Start of Task inputs

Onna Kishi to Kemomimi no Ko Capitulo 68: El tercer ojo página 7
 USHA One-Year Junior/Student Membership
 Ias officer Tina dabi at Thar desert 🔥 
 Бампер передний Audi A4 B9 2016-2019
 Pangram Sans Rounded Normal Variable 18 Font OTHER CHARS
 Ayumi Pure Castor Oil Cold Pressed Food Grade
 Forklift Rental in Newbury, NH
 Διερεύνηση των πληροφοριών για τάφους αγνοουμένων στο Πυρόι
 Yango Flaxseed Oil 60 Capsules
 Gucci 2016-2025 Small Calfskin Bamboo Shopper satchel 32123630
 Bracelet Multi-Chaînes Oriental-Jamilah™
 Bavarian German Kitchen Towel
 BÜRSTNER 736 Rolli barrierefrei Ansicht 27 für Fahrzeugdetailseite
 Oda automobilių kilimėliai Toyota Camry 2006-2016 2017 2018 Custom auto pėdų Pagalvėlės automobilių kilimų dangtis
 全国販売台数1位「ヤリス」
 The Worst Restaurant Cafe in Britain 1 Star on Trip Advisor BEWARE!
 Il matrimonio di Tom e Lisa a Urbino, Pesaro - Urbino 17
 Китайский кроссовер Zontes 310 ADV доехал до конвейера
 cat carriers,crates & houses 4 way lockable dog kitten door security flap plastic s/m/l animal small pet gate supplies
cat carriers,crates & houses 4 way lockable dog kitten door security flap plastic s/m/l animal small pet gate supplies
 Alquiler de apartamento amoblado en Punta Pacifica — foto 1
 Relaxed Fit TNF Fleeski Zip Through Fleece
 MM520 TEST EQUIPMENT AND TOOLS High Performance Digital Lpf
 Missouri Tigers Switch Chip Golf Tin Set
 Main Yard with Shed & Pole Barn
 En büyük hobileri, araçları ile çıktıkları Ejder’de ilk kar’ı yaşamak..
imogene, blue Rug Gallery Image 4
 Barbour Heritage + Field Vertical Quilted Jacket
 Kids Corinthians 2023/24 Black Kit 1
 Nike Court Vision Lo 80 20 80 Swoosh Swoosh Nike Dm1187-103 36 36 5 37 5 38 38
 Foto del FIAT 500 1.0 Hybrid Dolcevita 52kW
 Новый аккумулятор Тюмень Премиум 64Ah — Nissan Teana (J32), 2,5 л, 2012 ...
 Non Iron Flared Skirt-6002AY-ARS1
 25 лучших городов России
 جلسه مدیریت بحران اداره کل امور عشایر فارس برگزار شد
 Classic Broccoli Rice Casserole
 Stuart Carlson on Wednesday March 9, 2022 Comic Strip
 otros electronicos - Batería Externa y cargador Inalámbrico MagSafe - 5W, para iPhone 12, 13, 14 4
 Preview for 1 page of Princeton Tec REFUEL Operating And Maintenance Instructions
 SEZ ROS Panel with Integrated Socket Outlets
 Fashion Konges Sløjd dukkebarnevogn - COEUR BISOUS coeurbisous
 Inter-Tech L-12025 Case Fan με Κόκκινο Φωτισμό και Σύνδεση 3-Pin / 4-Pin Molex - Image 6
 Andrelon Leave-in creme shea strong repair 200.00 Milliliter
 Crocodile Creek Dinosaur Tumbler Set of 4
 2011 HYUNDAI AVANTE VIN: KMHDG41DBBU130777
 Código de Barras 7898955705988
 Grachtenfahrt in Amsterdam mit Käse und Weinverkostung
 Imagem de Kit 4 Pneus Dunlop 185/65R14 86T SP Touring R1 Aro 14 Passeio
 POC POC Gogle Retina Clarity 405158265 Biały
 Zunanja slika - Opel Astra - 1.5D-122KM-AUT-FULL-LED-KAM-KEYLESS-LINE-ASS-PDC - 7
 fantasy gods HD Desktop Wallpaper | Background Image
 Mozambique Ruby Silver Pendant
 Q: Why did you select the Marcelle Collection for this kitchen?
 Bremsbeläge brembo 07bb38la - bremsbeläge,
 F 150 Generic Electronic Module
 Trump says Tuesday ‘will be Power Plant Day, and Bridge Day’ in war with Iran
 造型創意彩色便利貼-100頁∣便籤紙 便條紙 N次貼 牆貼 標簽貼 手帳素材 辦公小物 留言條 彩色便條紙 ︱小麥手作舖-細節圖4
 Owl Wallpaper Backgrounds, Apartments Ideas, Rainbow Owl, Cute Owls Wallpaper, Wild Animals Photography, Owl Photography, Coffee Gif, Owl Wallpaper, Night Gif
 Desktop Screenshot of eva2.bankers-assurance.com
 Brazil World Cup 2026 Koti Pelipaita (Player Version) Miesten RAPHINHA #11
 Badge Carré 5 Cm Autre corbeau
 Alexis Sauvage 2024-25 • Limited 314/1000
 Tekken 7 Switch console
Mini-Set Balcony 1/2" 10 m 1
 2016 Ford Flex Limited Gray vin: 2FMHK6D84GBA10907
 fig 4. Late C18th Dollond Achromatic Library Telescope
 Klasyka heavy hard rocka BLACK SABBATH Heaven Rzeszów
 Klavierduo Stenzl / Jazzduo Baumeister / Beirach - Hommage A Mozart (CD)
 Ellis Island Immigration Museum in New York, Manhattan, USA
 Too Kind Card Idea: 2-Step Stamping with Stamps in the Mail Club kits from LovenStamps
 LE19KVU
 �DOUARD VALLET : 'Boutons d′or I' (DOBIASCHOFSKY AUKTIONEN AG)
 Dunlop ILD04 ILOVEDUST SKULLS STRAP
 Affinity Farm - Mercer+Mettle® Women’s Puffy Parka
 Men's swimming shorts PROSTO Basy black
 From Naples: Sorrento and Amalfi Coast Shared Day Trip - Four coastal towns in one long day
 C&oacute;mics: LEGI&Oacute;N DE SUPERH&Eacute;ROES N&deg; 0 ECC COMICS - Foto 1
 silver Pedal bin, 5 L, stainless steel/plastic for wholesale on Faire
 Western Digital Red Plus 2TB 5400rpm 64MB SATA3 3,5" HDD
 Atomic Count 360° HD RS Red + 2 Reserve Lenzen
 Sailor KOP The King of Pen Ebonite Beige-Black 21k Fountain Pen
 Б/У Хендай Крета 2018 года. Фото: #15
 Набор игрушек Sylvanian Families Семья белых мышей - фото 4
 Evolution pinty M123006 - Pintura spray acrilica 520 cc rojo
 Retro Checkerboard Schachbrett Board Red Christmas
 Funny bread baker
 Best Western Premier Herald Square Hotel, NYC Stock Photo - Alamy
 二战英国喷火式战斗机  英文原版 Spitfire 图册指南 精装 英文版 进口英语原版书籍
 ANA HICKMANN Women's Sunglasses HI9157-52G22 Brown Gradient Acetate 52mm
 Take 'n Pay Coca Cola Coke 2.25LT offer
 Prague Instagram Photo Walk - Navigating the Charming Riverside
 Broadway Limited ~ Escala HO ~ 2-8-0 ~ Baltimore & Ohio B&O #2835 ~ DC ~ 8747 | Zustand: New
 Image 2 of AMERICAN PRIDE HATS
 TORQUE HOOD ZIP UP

End of Task inputs

Your goal:
Please set down each line of the records exactly as given.

Solution below:
Onna Kishi to Kemomimi no Ko Capitulo 68: El tercer ojo página 7
 USHA One-Year Junior/Student Membership
 Ias officer Tina dabi at Thar desert 🔥 
 Бампер передний Audi A4 B9 2016-2019
 Pangram Sans Rounded Normal Variable 18 Font OTHER CHARS
 Ayumi Pure Castor Oil Cold Pressed Food Grade
 Forklift Rental in Newbury, NH
 Διερεύνηση των πληροφοριών για τάφους αγνοουμένων στο Πυρόι
 Yango Flaxseed Oil 60 Capsules
 Gucci 2016-2025 Small Calfskin Bamboo Shopper satchel 32123630
 Bracelet Multi-Chaînes Oriental-Jamilah™
 Bavarian German Kitchen Towel
 BÜRSTNER 736 Rolli barrierefrei Ansicht 27 für Fahrzeugdetailseite
 Oda automobilių kilimėliai Toyota Camry 2006-2016 2017 2018 Custom auto pėdų Pagalvėlės automobilių kilimų dangtis
 全国販売台数1位「ヤリス」
 The Worst Restaurant Cafe in Britain 1 Star on Trip Advisor BEWARE!
 Il matrimonio di Tom e Lisa a Urbino, Pesaro - Urbino 17
 Китайский кроссовер Zontes 310 ADV доехал до конвейера
 cat carriers,crates & houses 4 way lockable dog kitten door security flap plastic s/m/l animal small pet gate supplies
cat carriers,crates & houses 4 way lockable dog kitten door security flap plastic s/m/l animal small pet gate supplies
 Alquiler de apartamento amoblado en Punta Pacifica — foto 1
 Relaxed Fit TNF Fleeski Zip Through Fleece
 MM520 TEST EQUIPMENT AND TOOLS High Performance Digital Lpf
 Missouri Tigers Switch Chip Golf Tin Set
 Main Yard with Shed & Pole Barn
 En büyük hobileri, araçları ile çıktıkları Ejder’de ilk kar’ı yaşamak..
imogene, blue Rug Gallery Image 4
 Barbour Heritage + Field Vertical Quilted Jacket
 Kids Corinthians 2023/24 Black Kit 1
 Nike Court Vision Lo 80 20 80 Swoosh Swoosh Nike Dm1187-103 36 36 5 37 5 38 38
 Foto del FIAT 500 1.0 Hybrid Dolcevita 52kW
 Новый аккумулятор Тюмень Премиум 64Ah — Nissan Teana (J32), 2,5 л, 2012 ...
 Non Iron Flared Skirt-6002AY-ARS1
 25 лучших городов России
 جلسه مدیریت بحران اداره کل امور عشایر فارس برگزار شد
 Classic Broccoli Rice Casserole
 Stuart Carlson on Wednesday March 9, 2022 Comic Strip
 otros electronicos - Batería Externa y cargador Inalámbrico MagSafe - 5W, para iPhone 12, 13, 14 4
 Preview for 1 page of Princeton Tec REFUEL Operating And Maintenance Instructions
 SEZ ROS Panel with Integrated Socket Outlets
 Fashion Konges Sløjd dukkebarnevogn - COEUR BISOUS coeurbisous
 Inter-Tech L-12025 Case Fan με Κόκκινο Φωτισμό και Σύνδεση 3-Pin / 4-Pin Molex - Image 6
 Andrelon Leave-in creme shea strong repair 200.00 Milliliter
 Crocodile Creek Dinosaur Tumbler Set of 4
 2011 HYUNDAI AVANTE VIN: KMHDG41DBBU130777
 Código de Barras 7898955705988
 Grachtenfahrt in Amsterdam mit Käse und Weinverkostung
 Imagem de Kit 4 Pneus Dunlop 185/65R14 86T SP Touring R1 Aro 14 Passeio
 POC POC Gogle Retina Clarity 405158265 Biały
 Zunanja slika - Opel Astra - 1.5D-122KM-AUT-FULL-LED-KAM-KEYLESS-LINE-ASS-PDC - 7
 fantasy gods HD Desktop Wallpaper | Background Image
 Mozambique Ruby Silver Pendant
 Q: Why did you select the Marcelle Collection for this kitchen?
 Bremsbeläge brembo 07bb38la - bremsbeläge,
 F 150 Generic Electronic Module
 Trump says Tuesday ‘will be Power Plant Day, and Bridge Day’ in war with Iran
 造型創意彩色便利貼-100頁∣便籤紙 便條紙 N次貼 牆貼 標簽貼 手帳素材 辦公小物 留言條 彩色便條紙 ︱小麥手作舖-細節圖4
 Owl Wallpaper Backgrounds, Apartments Ideas, Rainbow Owl, Cute Owls Wallpaper, Wild Animals Photography, Owl Photography, Coffee Gif, Owl Wallpaper, Night Gif
 Desktop Screenshot of eva2.bankers-assurance.com
 Brazil World Cup 2026 Koti Pelipaita (Player Version) Miesten RAPHINHA #11
 Badge Carré 5 Cm Autre corbeau
 Alexis Sauvage 2024-25 • Limited 314/1000
 Tekken 7 Switch console
Mini-Set Balcony 1/2" 10 m 1
 2016 Ford Flex Limited Gray vin: 2FMHK6D84GBA10907
 fig 4. Late C18th Dollond Achromatic Library Telescope
 Klasyka heavy hard rocka BLACK SABBATH Heaven Rzeszów
 Klavierduo Stenzl / Jazzduo Baumeister / Beirach - Hommage A Mozart (CD)
 Ellis Island Immigration Museum in New York, Manhattan, USA
 Too Kind Card Idea: 2-Step Stamping with Stamps in the Mail Club kits from LovenStamps
 LE19KVU
 �DOUARD VALLET : 'Boutons d′or I' (DOBIASCHOFSKY AUKTIONEN AG)
 Dunlop ILD04 ILOVEDUST SKULLS STRAP
 Affinity Farm - Mercer+Mettle® Women’s Puffy Parka
 Men's swimming shorts PROSTO Basy black
 From Naples: Sorrento and Amalfi Coast Shared Day Trip - Four coastal towns in one long day
 C&oacute;mics: LEGI&Oacute;N DE SUPERH&Eacute;ROES N&deg; 0 ECC COMICS - Foto 1
 silver Pedal bin, 5 L, stainless steel/plastic for wholesale on Faire
 Western Digital Red Plus 2TB 5400rpm 64MB SATA3 3,5" HDD
 Atomic Count 360° HD RS Red + 2 Reserve Lenzen
 Sailor KOP The King of Pen Ebonite Beige-Black 21k Fountain Pen
 Б/У Хендай Крета 2018 года. Фото: #15
 Набор игрушек Sylvanian Families Семья белых мышей - фото 4
 Evolution pinty M123006 - Pintura spray acrilica 520 cc rojo
 Retro Checkerboard Schachbrett Board Red Christmas
 Funny bread baker
 Best Western Premier Herald Square Hotel, NYC Stock Photo - Alamy
 二战英国喷火式战斗机  英文原版 Spitfire 图册指南 精装 英文版 进口英语原版书籍
 ANA HICKMANN Women's Sunglasses HI9157-52G22 Brown Gradient Acetate 52mm
 Take 'n Pay Coca Cola Coke 2.25LT offer
 Prague Instagram Photo Walk - Navigating the Charming Riverside
 Broadway Limited ~ Escala HO ~ 2-8-0 ~ Baltimore & Ohio B&O #2835 ~ DC ~ 8747 | Zustand: New
 Image 2 of AMERICAN PRIDE HATS
 TORQUE HOOD ZIP UP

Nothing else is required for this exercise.